Wenn „Klaus“ nach der mittleren Reife noch etwas lernt, dann doch bitte in einer BEST-Sabel- oder Fröbel-Schule (anerkannte Privatschulen mit möglichem regulären Abi). Oder wie wäre es darauf folgend mit einem Studium an der EUFH oder einem Fernstudium bei sgd oder ILS? Was da wohl für Bücher genutzt werden? Die Werbung für die Tochterunternehmen taucht jedenfalls regelmäßig bei den anderen auf, aber das mag nur Zufall sein.
Was wäre eigentlich los, wenn eine „Steve-Jobs-Schule“ oder „Google-Schule“ als regulärer Teil der Schulausbildung oder des Studiums fungieren würde? Und dann vielleicht sogar noch Software anderer Anbieter untersagen würde? Das Geschrei nach Einflussnahme mag ich mir nicht einmal vorstellen.
Die Erwachsenenbildung ist nicht gerade irrelevant beim Versuch, Lernende im eigenen Ökosystem zu binden, also deutlich nachdem „Klaus“ die Schule schon verlassen hat. Und es hört nicht bei den Bildungsmedien auf: Warum wurde aus dem Cotta-Verlag für Publikumsliteratur schon 1977 (da war an die „Big5“ nicht mal zu denken) der Verlag Klett-Cotta?

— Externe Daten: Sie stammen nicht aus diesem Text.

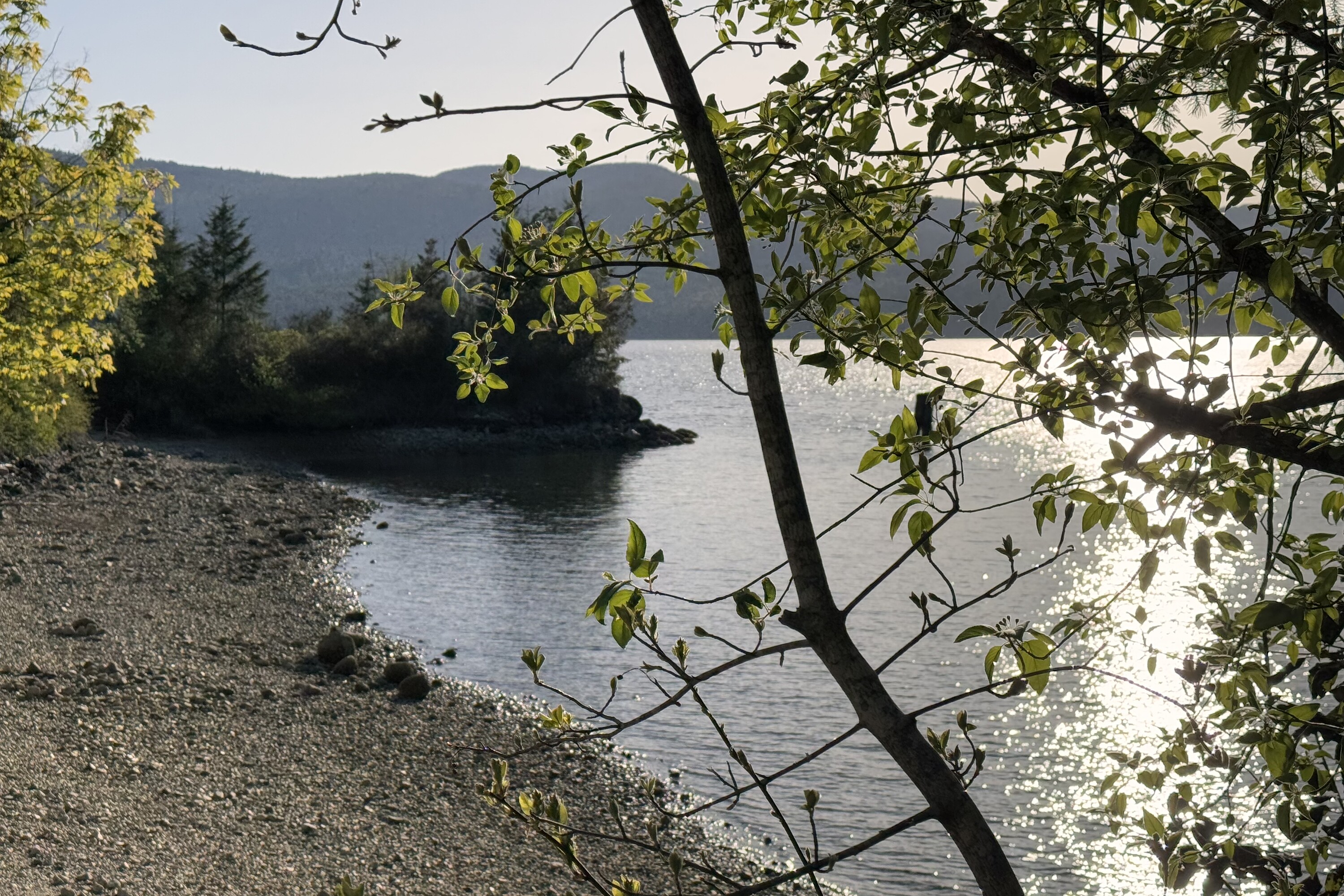  Sechelt, Sunshine Coast - 物件實景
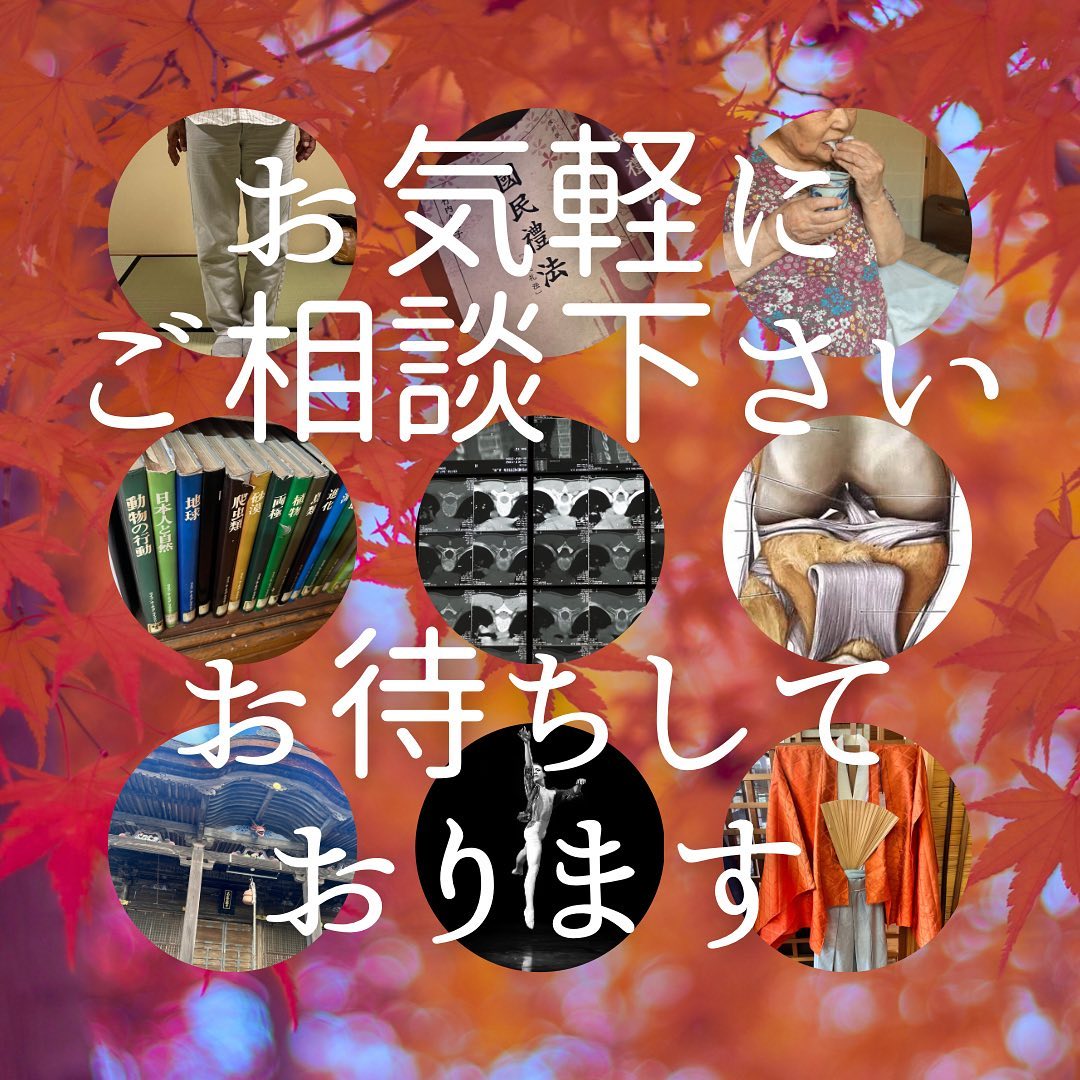 ワークショップのご案内😊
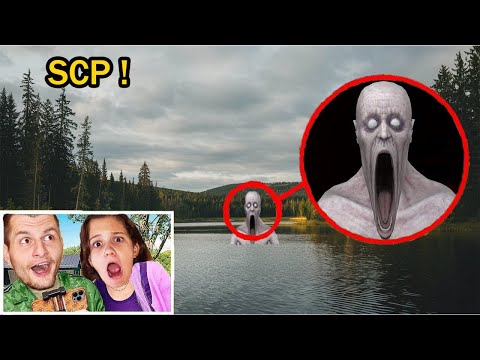 Видео: Куловод спрятался в лесу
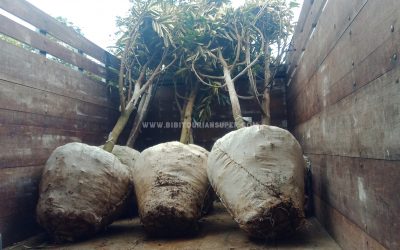 Bibit Durian Super ke Mataram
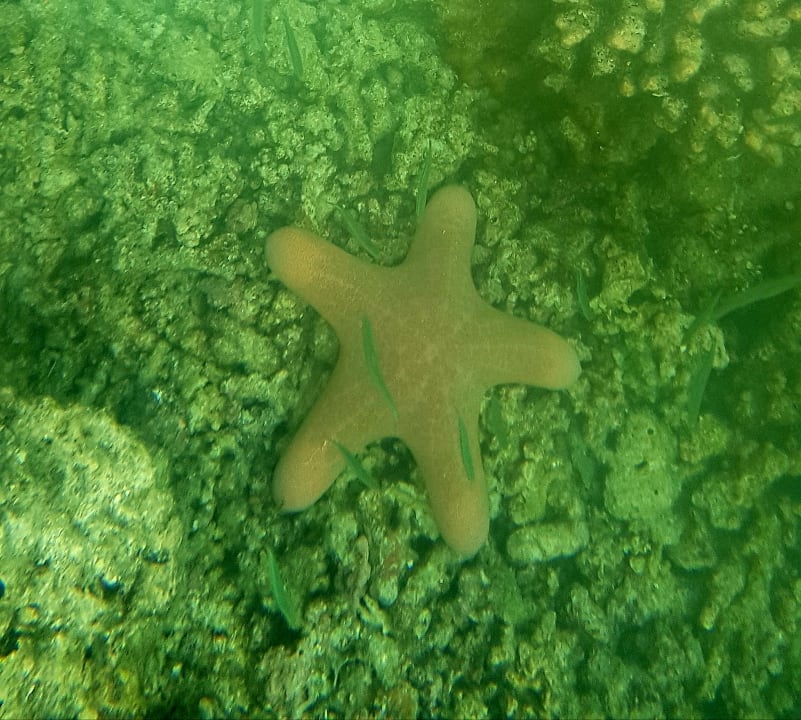 Sport & Freizeit Safari Island Maldives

Hat das wirklich nichts mit einem kompletten System zu tun, in dem dich (oder Klaus) diese Unternehmen halten wollen?
Wenn es sich doch als komplettes System zeigen sollte, funktioniert dann noch die Argumentation, die ja auf dieser Annahme beruht? Sind dann die Anbieter digitaler Produkte so viel anders im Vorgehen als die Großverlage? In meinen Augen sind beide Anbieter ganzer eigener Systeme, wobei die einen es eher offen zugeben, die anderen es mehr verheimlichen, sodass man zumindest das Gefühl bekommt, der Kunde Klaus wäre irgendwann irrelevant, ohne das er das wirklich ist. Das System Schule als drittes System hat Schnittmengen mit beiden und ist für beide anderen Systeme eine Möglichkeit, Kunden zu gewinnen und zu binden.
Hallo Björn,
Du hast m.E. absolut Recht, wenn du bestehende Bildungsholdingstrukturen aus einer Gutenbergperspektive denkst. Dann sind die Strukturen analog.
Deinem Lexikon oder Bildungsmedien eines Schulbuchverlages stehen aber z.B. Verhaltensvorhersageprodukte von Google entgegen, die eigentlich schon seit 2003/2004 kontinuierlich weiter entwickelt werden. Was die Verlage und Bildungsholdings da so machen (können), ist technologisch dagegen nicht einmal Kreisklasse – die sind mindestens 10 Jahre hinter den Möglichkeiten der Digitalkonzerne zurück. Deutsche Wissenschaftler forschen an Schulen in China. Mal schauen, wohin die gewonnenen Erkenntnisse gehen. Undurchsichtigkeit und Intransparenz sind auch primäre Merkmale der Big5. Shoshana Zuboff hat das in ihrem Buch „Der Überwachungskapitalismus“ recht gut analysiert. Die Big5 sind aber weltweit aufgestellt und allein dadurch weitaus schwieriger zu „fassen“.
Die Google-School wird kommen. Aus den Steve-Jobs-Schulen in den Niederlanden wird man lernen. „Man“ muss es nur hinbekommen, dass die Wirtschaft die dort vergebenen Abschlüsse als Qualifikation anerkennt. Und gerade an solchen privaten Schulen wird man wahrscheinlich weder Lexika noch Verlagsmedien nutzen – es sei denn aus Holdings, die man aufgekauft hat.
Es gibt sehr viel an vielen Aspekten für das Schulsystem zu tun. Das wird eine unglaublich spannende Zeit werden.